To illustrate the media’s place in the Recreation-Industrial Complex, I think I’ll pick on Outside as a bundler of the market forces and shifting demographics behind environmentalistic power.
Every so often, Outside publishes something that ought to call into question the very orthodoxy of the Recreation-Industrial Complex of which Outside is essentially the house organ. Yet somehow these articles never amount to more than a glancing critique. A recent offering in the genre, written by Mark Sundeen, considers the state of affairs in canyon country and, predictably, finds Utah’s Mighty Five campaign to be the proximate cause of the runaway tourism affecting Moab and beyond.

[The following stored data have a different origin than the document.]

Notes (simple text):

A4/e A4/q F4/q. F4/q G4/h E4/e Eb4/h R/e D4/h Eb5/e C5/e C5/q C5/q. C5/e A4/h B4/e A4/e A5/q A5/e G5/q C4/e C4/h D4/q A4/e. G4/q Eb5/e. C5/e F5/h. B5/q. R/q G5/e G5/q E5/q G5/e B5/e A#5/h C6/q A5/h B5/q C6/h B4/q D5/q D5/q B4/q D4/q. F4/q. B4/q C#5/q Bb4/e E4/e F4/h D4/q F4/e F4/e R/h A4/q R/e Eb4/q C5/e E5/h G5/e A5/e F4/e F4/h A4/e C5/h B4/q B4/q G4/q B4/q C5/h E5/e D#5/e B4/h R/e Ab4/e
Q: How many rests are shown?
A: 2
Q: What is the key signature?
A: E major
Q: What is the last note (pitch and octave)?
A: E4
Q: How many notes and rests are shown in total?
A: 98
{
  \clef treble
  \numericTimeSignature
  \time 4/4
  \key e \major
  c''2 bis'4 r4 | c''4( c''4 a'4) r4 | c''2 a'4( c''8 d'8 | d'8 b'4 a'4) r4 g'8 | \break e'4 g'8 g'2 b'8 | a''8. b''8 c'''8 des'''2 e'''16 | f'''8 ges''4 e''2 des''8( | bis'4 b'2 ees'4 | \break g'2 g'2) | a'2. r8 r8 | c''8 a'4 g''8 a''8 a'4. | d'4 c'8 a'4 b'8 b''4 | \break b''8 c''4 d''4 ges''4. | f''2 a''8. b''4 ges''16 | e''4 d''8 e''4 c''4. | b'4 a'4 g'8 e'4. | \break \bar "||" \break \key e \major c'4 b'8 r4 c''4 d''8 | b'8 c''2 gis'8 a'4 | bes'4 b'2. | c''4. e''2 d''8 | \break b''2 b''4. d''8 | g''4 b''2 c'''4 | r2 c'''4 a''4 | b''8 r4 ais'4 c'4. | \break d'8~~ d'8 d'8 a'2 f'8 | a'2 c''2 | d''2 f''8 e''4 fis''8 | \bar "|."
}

To be clear, I think the weight of the piece is relatively good, and, true to Outside form, it is exceedingly well-written. There is also a side of me that gives credit for courage anytime something is published that even obliquely implicates the publisher or its advertisers. Still, a lot of it is, at best, puzzling.
For example, Sundeen writes: “We all bear some responsibility in changing this place. Yet we don’t bear it quite evenly. Market forces and shifting demographics and social media don’t deserve the same sort of scrutiny as taxpayer-funded programs like the Office of Tourism.”
Why does the state’s Office of Tourism deserve more scrutiny than market forces and shifting demographics and social media? The answer isn’t obvious on its face and Sundeen never really says.
If the Utah State University study cited in the article is approximately right, about 5% of visitation to Utah’s national parks is attributable to the state’s Mighty Five advertising, and yet it gets about 95% of the critical attention in the article. Anecdotally, this rough inversion of the blame-to-attention ratio is pretty typical when the topic of canyon country tourism comes up, and while this strategy may simplify an argument, it does not actually illuminate much.
For one thing, marketing only really works if it is tonally on point; great marketing arguably understands its audience better than its audience even understands itself. So our contemporary cultural context is in effect the canvas on which a tourism office paints. If Utah’s marketing has been effective, it is only because it has expertly met its moment.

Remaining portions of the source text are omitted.